→ Work to be completed
Everything in the listing below should be repeated exactly, apart from the pictures.

##### Dataset section

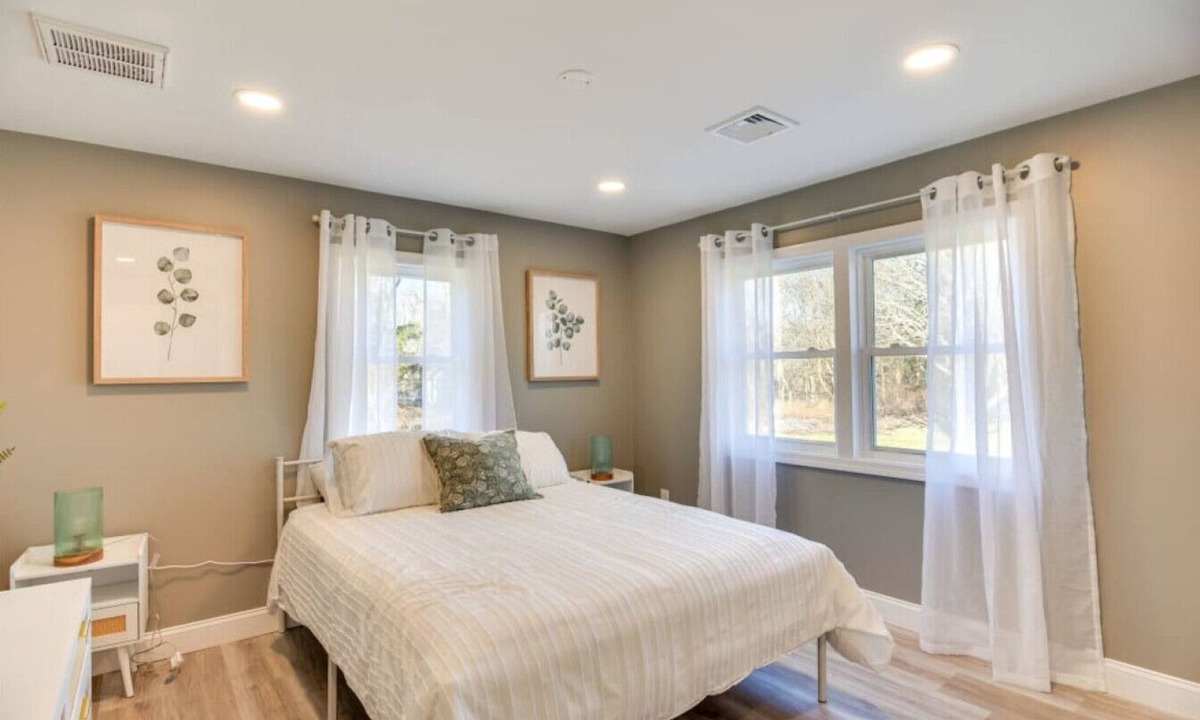 South Kingstown House | Pet-Friendly South Kingstown Home Near Beaches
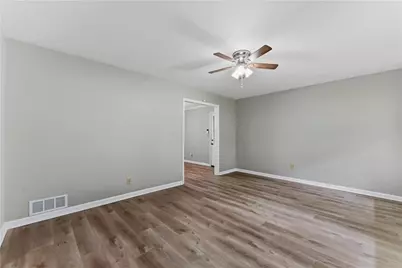 1179 Burbank Trail, Morrow, GA 30260 - Photo 5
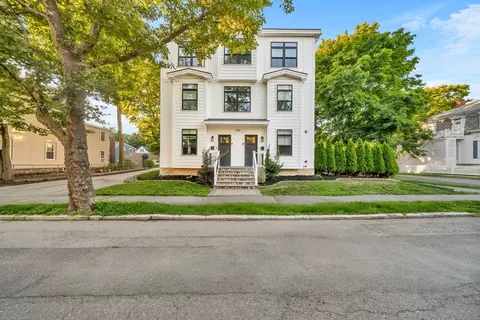Exterior - 49 Chestnut St # A, Wakefield, MA 01880 photo 6 of 7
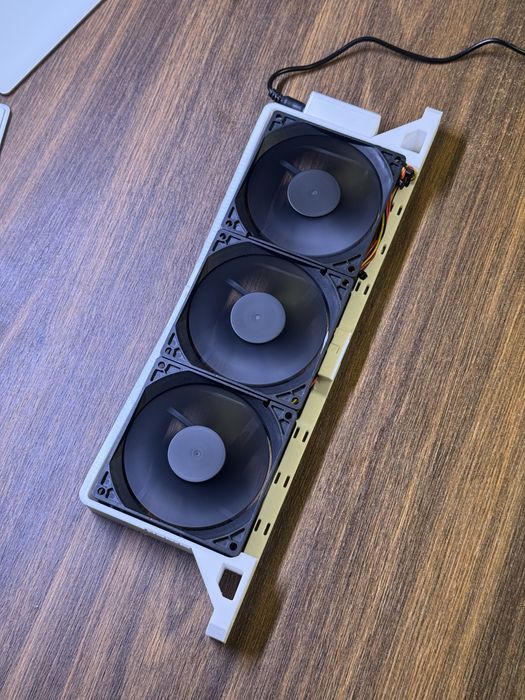 Бюджетне Охолодження для інвертора Deye 5-30кВт | 3×92 мм | 12В | Комплект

##########

→ Answer to the exercise
 South Kingstown House | Pet-Friendly South Kingstown Home Near Beaches
 1179 Burbank Trail, Morrow, GA 30260 - Photo 5
Exterior - 49 Chestnut St # A, Wakefield, MA 01880 photo 6 of 7
 Бюджетне Охолодження для інвертора Deye 5-30кВт | 3×92 мм | 12В | Комплект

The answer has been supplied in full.